Cama şekil vermek zahmetli ama bir o kadar da keyifli. Fabrikasyon bu kadar yaygınlaşmadan önce, cama elle daha doğrusu nefesle şekil vermek daha çok kişinin uğraş alanındaydı. Şimdiyse o kadar da gözde olmayan bir hobiden ibaret. Yine de çok güzel işlerle nadiren de olsa karşılaşıyoruz.
Cam üflemenin ardındaki hikayeyi anlatan bu eski belgesel film, insanda cam üfleme isteği de yaratıyor. Filmde kullanılan caz müziği de izleyeni, filmin yapıldığı 1958 yılına götürüyor.
Filmin yapımcısı Bert Haanstra, diyaloğa hiç yer vermeden otomasyonu anlatmayı başarmış. Çalışanların sardıkları tütünü üflenen camda yakması gibi ince detaylarsa, sıcaklık hissini izleyiciye geçiriyor.

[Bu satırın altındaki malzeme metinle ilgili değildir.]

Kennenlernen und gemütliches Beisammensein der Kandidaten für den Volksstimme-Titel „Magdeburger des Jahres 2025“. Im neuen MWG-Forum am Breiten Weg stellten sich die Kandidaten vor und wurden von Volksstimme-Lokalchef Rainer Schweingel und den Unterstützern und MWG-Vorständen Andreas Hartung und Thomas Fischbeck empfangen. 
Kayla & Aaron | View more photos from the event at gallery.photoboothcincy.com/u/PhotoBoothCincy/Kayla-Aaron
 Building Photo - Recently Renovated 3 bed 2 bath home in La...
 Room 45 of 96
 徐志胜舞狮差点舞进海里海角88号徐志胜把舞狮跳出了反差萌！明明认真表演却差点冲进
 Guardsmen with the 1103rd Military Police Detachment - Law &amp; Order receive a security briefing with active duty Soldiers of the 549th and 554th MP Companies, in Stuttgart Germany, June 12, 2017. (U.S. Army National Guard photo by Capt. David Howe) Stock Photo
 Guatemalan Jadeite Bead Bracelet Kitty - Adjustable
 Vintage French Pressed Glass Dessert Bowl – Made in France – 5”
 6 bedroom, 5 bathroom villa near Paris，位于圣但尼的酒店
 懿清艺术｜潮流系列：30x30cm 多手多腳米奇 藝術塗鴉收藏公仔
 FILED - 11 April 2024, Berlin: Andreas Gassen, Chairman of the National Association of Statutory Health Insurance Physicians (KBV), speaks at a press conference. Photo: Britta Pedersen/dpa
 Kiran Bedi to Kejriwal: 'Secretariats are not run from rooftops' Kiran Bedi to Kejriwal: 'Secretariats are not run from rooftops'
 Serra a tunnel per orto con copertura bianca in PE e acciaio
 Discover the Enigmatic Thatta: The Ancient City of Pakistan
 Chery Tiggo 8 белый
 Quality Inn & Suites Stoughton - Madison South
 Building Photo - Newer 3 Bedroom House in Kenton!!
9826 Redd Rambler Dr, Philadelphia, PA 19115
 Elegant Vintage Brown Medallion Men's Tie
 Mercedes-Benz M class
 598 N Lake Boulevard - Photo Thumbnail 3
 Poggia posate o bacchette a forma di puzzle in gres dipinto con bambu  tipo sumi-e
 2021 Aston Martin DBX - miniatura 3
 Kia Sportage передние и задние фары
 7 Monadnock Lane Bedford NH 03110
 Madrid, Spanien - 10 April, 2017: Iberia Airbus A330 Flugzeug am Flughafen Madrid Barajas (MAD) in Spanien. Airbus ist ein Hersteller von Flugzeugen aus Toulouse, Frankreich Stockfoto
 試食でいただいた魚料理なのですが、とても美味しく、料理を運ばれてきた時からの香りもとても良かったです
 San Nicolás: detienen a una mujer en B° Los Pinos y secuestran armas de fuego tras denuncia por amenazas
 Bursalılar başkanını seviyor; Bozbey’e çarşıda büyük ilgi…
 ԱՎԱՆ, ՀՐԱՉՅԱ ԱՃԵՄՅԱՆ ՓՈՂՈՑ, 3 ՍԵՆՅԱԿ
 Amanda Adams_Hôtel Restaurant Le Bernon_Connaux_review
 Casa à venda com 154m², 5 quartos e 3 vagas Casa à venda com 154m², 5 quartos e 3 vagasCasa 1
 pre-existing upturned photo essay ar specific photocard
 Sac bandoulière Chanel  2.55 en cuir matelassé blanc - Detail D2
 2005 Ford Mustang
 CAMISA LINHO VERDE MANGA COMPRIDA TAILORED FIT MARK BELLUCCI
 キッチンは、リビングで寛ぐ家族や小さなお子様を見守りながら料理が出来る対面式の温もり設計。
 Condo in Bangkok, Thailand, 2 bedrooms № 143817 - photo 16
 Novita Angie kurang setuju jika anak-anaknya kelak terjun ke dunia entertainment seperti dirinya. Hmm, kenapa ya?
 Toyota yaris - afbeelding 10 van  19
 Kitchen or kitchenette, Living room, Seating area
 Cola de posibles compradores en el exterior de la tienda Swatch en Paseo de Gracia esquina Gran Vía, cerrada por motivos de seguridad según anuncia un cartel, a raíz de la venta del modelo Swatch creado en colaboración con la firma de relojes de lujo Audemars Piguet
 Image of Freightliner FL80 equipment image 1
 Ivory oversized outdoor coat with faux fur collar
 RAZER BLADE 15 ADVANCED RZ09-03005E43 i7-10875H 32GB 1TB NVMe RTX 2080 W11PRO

Oscar ödüllü filmin ilk bölümünde cam üfleyen birkaç kişiyi görüyorken, ikinci bölümde cam üretiminin dahi ne kadar mekanize bir hal alabileceğini görüyoruz. İlk bölümde dikkatimizi çeken işinin ehli eller, pür dikkat, ikinci bölümde yerini makinelerin dünyasına bırakıyor. Üretim bandından şişeleri alıp başka bir yere koyan kıskaçlı bir makinenin, insani bilinçten yoksun olduğu için şişelerin kırılmasına sebep olması de izleyeni düşündürüyor.